Nevada and Elon Musk - forgingahead
http://online.wsj.com/articles/nevada-gets-musked-1410821915

======
forgingahead
If you can't see behind the paywall:

Charles Munger, vice chairman of Berkshire Hathaway, the other day described
Silicon Valley billionaire Elon Musk as a "genius." Maybe he was alluding to
the Tesla CEO's cunning ploy to mine subsidies from Nevada taxpayers.

Last week the Silver State's legislature unanimously approved $1.3 billion in
tax breaks for Tesla to build a $5 billion lithium battery factory in Reno
that will supply its electric-car plant in Fremont, California. "We have
changed the trajectory of this state, perhaps forever," declared Republican
Gov. Brian Sandoval, who wagers that the "Gigafactory" will grow the state's
economy by $100 billion, or about 80%, over 20 years. Will he take that bet to
Vegas?

Politicians bribing businesses to locate in their state is an old if
unfortunate story. Tennessee this year offered Volkswagen $274 million to
expand its Chattanooga plant. Last year Washington awarded long-time employer
Boeing $8.7 billion over 16 years to build its new 777X jetliner in Puget
Sound.

But the Tesla giveaway is in a category of its own, coming in an unproven
market for a company that has never recorded an annual profit (based on
generally accepted accounting principles), notwithstanding various subsidies.
Nevada's gift is 15 times larger than any incentive package the state has
awarded and among the richest nationwide.

Mr. Musk handled it like a private Sotheby's auction, launching a secret
bidding war among southwestern states with a price floor of $500 million.
Tesla also wanted to be exempt from states' dealer laws that prevent car
companies from selling directly to consumers. Such dealer laws are bad policy,
but it must be nice to carve out an exemption that doesn't apply to Ford and
GM.

In June Tesla broke ground at the Tahoe Reno Industrial Center, yet Mr. Musk
denied that he had made a decision. "We'll be doing something similar in one
or two other states," he cautioned, because "it makes sense to have multiple
things going in parallel." Message: Better not under bid.

Earlier this month Mr. Musk declared Nevada the winner. "It wasn't all about
the incentives," he noted. Nevada is "a get-things-done state." Gov. Sandoval
surely appreciated that in-kind contribution to his re-election campaign. Mr.
Musk also intimated that Nevada made the most logistical sense. Reno is easily
accessible by rail and highway to Fremont, and Nevada hosts the only active
lithium mines in the U.S.

But if those were the attractions, then why should Nevada have to pay such a
steep subsidy price?
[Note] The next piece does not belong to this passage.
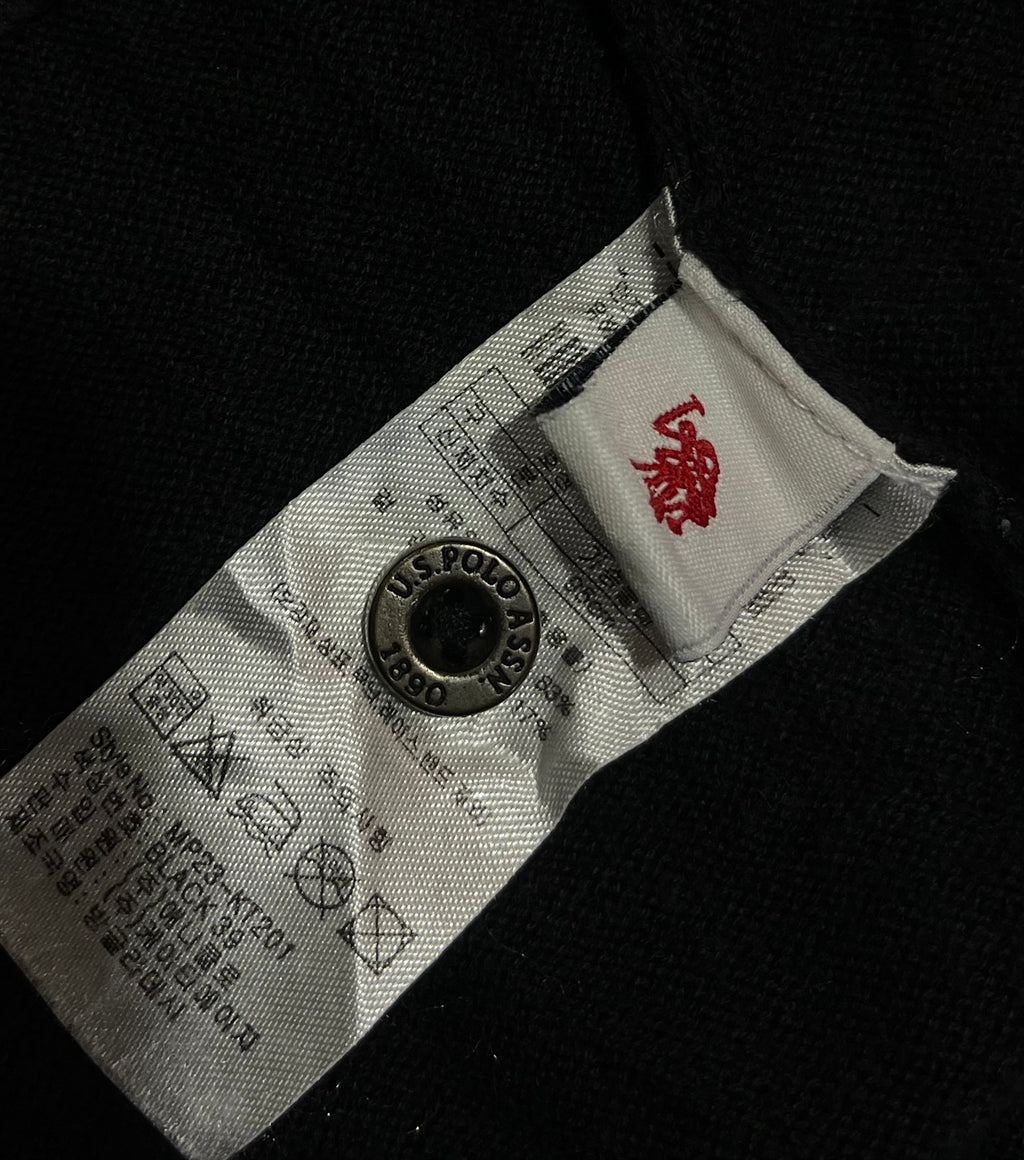 A - USPA POLO - KNITTED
Tesla will be exempt from property taxes for 10 years and
sales taxes for 20 years at a cost of $1.1 billion to taxpayers. Tesla will
also get $195 million in transferable tax credits that it can sell to other
businesses. Since Nevada has no personal or corporate income tax, Tesla will
effectively operate tax-free in the state.

Tesla will also receive a 10% to 30% electricity discount over eight years.
The NV Energy public utility will pay for this discount by charging other
customers $1.84 more on average per year. Mr. Musk claims the factory will
generate all the renewable energy it needs, but the utility discount will pay
for back-up power from the grid because renewables provide intermittent
energy.

By being connected to the grid, Tesla will also be able to exploit Nevada's
"net-metering" regulations to sell its excess renewable power back to the
utility at the retail price, which can be up to 50% higher than wholesale. So
Tesla can buy electricity at a discount, and then sell it for a premium.
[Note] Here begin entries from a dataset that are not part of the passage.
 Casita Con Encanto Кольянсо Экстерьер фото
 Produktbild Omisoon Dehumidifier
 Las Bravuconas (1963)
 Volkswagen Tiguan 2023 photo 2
Tesla will also get a 30% federal tax credit for building its own renewable
generation, which will help wipe out its future federal tax liability,
assuming it has any. Tax credits and carry-forward losses have already
absolved the company from paying federal income tax since at least 2008. Last
year Tesla paid a mere $2.5 million in corporate income taxes—zip to Uncle
Sam, $178,000 to the states and $2.35 million to foreign governments.

 __* California Gov. Jerry Brown shrewdly observed on Friday that "Nevada's
tax breaks are California's benefit" because they will help Tesla cut the cost
of its cars by half to $35,000. Mr. Brown understands that California's target
of getting one million "zero-emission vehicles" on the road by 2020 will
require much larger price discounts than the state's $2,500 rebates.

So maybe Mr. Musk really is a genius, of the political kind at least. He's
figured out that as long as you pick a politically favored industry you can be
one of the world's richest men and still get taxpayers to finance your
operations and become even richer. Not so smart are the Nevada politicians who
seem to have no idea how thoroughly they've been fleeced.